The seeds are on the inside


The MacBook Air was a decent announcement for the keynote, but I don't think it was the most important item that day. I think what Apple is doing with iTunes in terms of rentals was huge. Nobody else seems to be making it in that arena, and Apple has a strong marketshare of audience and the capability to execute better than anyone else here.

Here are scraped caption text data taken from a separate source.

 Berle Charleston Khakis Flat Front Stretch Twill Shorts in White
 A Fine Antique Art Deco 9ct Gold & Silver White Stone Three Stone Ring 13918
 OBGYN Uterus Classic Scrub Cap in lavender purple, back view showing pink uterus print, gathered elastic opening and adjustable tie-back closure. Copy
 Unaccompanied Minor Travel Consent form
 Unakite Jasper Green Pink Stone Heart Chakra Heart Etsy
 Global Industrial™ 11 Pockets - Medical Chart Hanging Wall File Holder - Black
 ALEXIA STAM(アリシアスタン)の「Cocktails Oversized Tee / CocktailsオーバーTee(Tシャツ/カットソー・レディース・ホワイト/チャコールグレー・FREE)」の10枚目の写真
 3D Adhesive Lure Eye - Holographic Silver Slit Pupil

Remember, the iPod wasn't the first or the most feature rich MP3 player when it was announced, but now, its da bomb. Online movie rentals aren't new either, but the change to AppleTV signifies that Apple understands our digital lifestyle needs and they're in the thick of it with the change to AppleTV, TimeCapsule, and iTunes. The only thing glaringly missing from AppleTV is a DVR capability, but this conflicts with Apple's desire to SELL you TV shows, not record them. So don't expect this anytime soon as a feature. (this is good news to Elgato and company with their eyeTV products)

The other key hardware announcement was Apple's 100% commitment to the embedded OSX platform. Of course this was hiding in plain sight in the MacBook Air release. Huh? Follow me here...

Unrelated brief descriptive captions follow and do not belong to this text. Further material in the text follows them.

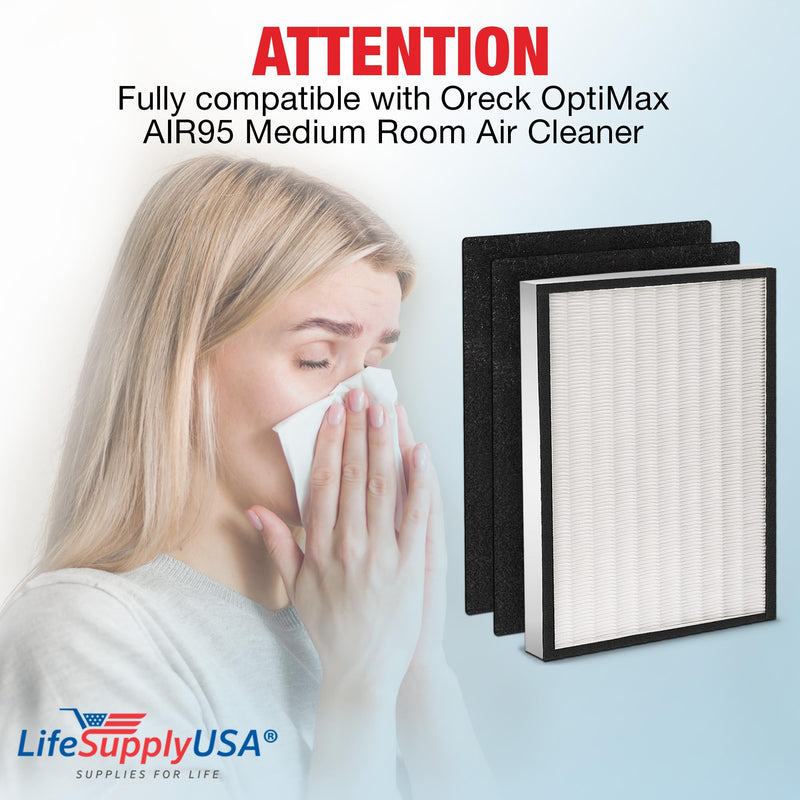 LifeSupplyUSA Complete Replacement Filter Set (1 True HEPA Air Cleaner Replacement Filter + 2 Odor Carbon Filter) Compatible with Oreck OptiMax AIR95 Medium Room Air Purifiers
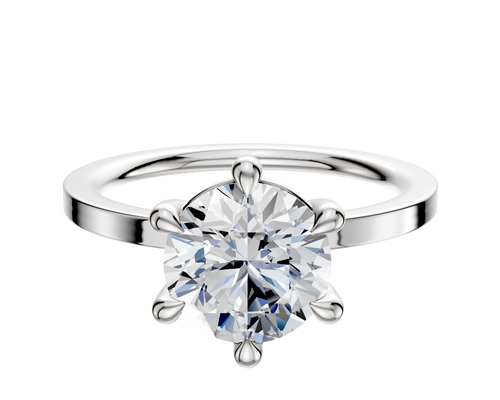 Platinum 6 Prong Basket Classic Flat 1.5mm Engagement Ring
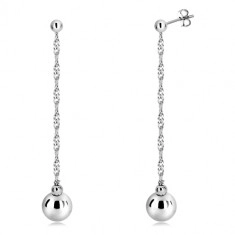 925 silver hanging earrings - glossy balls and spiral chain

1. The Air (MacBook Air) motherboard. Super duper small. Small energy requirements. Small thermal footprint. Look at it. Take away the keyboard, make the screen smaller, add a touch screen overlay - you can have one hell of a small handheld unit just based on existing parts. And we're not talking a lame iPhone CPU here, we're talking a real Core2 Duo machine. The reason the Air doesn't have all the ports we have on the MacBook/Pro? Because the other machine that shares its motherboard doesn't need them either. ;-)

2. Intel's working with Apple to shrink the chip's physical footprint on the motherboard to enable them to build the Air. This is significant since actual sales of the Air will NOT justify Intel doing this. The Air has a small market, a high price point and won't even come close to the sales volumes of the MacBook and MacBook Pro. Intel did this for Apple for the forthcoming handheld that will fly off the shelves and have actual sales volume.

3. New multi-touch gestures being integrated into OSX. They're kinda clunky on a laptop, but work great on an iPhone. Multi-touch isn't a big deal for the Air, but its a road sign that we're going to be seeing machines that will NEED multi-touch like the iPhone does because there's no integrated keyboard.

4. Non user-replaceable battery. Get used to it.